→ Task brief
All of the entries below must be copied out exactly.

══ Data shown ══

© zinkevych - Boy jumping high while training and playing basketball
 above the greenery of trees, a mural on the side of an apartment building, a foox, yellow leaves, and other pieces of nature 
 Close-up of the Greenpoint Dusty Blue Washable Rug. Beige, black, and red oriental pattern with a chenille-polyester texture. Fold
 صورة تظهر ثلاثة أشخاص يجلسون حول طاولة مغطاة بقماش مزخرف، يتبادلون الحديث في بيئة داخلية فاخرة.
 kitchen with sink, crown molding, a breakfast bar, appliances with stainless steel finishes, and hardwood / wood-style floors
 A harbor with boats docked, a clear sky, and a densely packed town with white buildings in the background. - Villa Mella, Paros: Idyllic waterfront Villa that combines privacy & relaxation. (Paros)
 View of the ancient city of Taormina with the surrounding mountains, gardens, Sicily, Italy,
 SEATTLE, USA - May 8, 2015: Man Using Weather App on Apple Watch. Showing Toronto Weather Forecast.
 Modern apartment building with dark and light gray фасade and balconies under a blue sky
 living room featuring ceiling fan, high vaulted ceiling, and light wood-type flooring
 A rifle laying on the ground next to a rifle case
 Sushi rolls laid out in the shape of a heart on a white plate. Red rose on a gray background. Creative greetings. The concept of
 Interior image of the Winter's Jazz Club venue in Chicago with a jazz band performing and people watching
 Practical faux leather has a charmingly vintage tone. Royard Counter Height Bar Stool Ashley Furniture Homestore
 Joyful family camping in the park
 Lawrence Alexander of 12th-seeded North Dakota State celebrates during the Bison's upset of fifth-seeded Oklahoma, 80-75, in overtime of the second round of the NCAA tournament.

═══

→ Output
© zinkevych - Boy jumping high while training and playing basketball
 above the greenery of trees, a mural on the side of an apartment building, a foox, yellow leaves, and other pieces of nature 
 Close-up of the Greenpoint Dusty Blue Washable Rug. Beige, black, and red oriental pattern with a chenille-polyester texture. Fold
 صورة تظهر ثلاثة أشخاص يجلسون حول طاولة مغطاة بقماش مزخرف، يتبادلون الحديث في بيئة داخلية فاخرة.
 kitchen with sink, crown molding, a breakfast bar, appliances with stainless steel finishes, and hardwood / wood-style floors
 A harbor with boats docked, a clear sky, and a densely packed town with white buildings in the background. - Villa Mella, Paros: Idyllic waterfront Villa that combines privacy & relaxation. (Paros)
 View of the ancient city of Taormina with the surrounding mountains, gardens, Sicily, Italy,
 SEATTLE, USA - May 8, 2015: Man Using Weather App on Apple Watch. Showing Toronto Weather Forecast.
 Modern apartment building with dark and light gray фасade and balconies under a blue sky
 living room featuring ceiling fan, high vaulted ceiling, and light wood-type flooring
 A rifle laying on the ground next to a rifle case
 Sushi rolls laid out in the shape of a heart on a white plate. Red rose on a gray background. Creative greetings. The concept of
 Interior image of the Winter's Jazz Club venue in Chicago with a jazz band performing and people watching
 Practical faux leather has a charmingly vintage tone. Royard Counter Height Bar Stool Ashley Furniture Homestore
 Joyful family camping in the park
 Lawrence Alexander of 12th-seeded North Dakota State celebrates during the Bison's upset of fifth-seeded Oklahoma, 80-75, in overtime of the second round of the NCAA tournament.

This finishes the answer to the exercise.